The Alabama Supreme Court recently ruled that the state’s chemical endangerment law involving the protection of children includes preborn children as well. The case brought before the court dealt with drug-abusing expectant mothers. In its decision, the court said, “The plain meaning of the word ‘child’ in the chemical endangerment statute includes unborn children.”

Some reports have interpreted this decision as a blow to Roe v. Wade, claiming that the decision upholds the personhood principle. Cited is this statement from Justice Tom Parker, who said, “Since Roe was decided in 1973, advances in medical and scientific technology have greatly expanded our knowledge of prenatal life. The development of ultrasound technology has enhanced medical and public understanding, allowing us to watch the growth and development of the unborn child in a way previous generations could never have imagined. . . . Similarly, advances in genetics and related fields make clear that a new and unique human being is formed at the moment of conception, when two cells, incapable of independent life, merge to form a single, individual human entity.”

However, the judge’s statement is flawed. The ruling protects only some innocent living human beings, not all of them.

Noted scientist and philosopher Dr. Dianne Irving provided us with a full explanation of why the decision erred:

Unfortunately, the court has only ruled—and thus set legal precedent—that an unborn human is a “child” only if sexually reproduced (fusion of sperm and oocyte).

Similarly, advances in genetics and related fields make clear that a new and unique human being is formed at the moment of conception, when two cells, incapable of independent life, merge to form a single, individual human entity.

Thus some unborn human beings are protected as “children,” but many others are not. This ruling leaves out of existence all asexually reproduced human beings, including one of every two naturally occurring human identical twins asexually reproduced within the woman’s body, as well as all asexually reproduced human beings in IVF/ART “clinics” and research laboratories, many of whom are also twins, and implanted, and thus could be aborted. And since many states already mis-define “conception” as “IMPLANTATION,” then in those states it would be okay to abort even sexually reproduced human embryos before implantation.

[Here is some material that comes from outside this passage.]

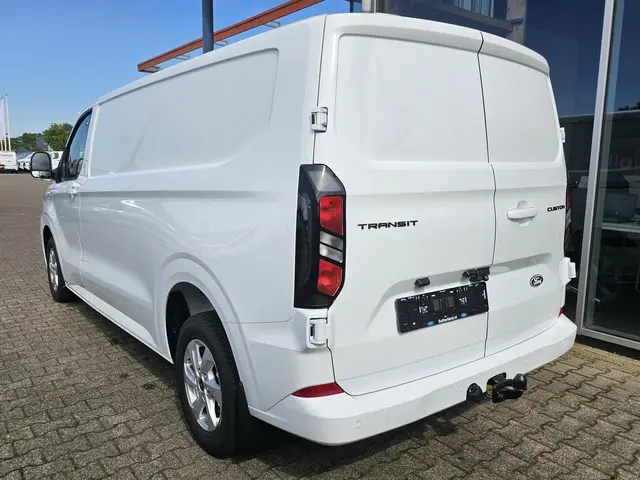 Ford Transit Custom 300 2.0 TDCI L2H1 Limited 2024 Diesel 4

Nor even in human sexual reproduction does the new human being begin to exist with the “zygote,” as many pro-life laws and bills state. The zygote is already at Stage 1c of development and formed at the end of the PROCESS of fertilization; the human embryo already exists before that from the beginning of the process of fertilization at Stages 1a and 1b (when most of the unethical destructive research in human genetic engineering, cloning, etc. are performed!).

This is really simply Biology 101, but the ruling is consistent with the life principles for the March for Life, as part of their “education” of the pro-life people: “The life of each human being shall be preserved and protected from that human being’s biological beginning when the Father’s sperm fertilizes the Mother’s ovum”. So they are all in concert, even with the various personhood bills moving around the country and the world.

Nor did we come to even this “revelation” because of the medical and technological advances since 1973. The Carnegie Stages of Early Human Embryonic Development were instituted long before Roe v. Wade, in 1942, based on internationally documented and acknowledged research long before that (e.g., Wilhelm His, 1885), updated continuously since then by the international nomenclature committee consisting of 20-24 Ph.D.s in human embryology from around the world.

Not new. And they know it. It’s time to stop claiming that false science somehow is a victory for the babies when, in fact, it represents a setback.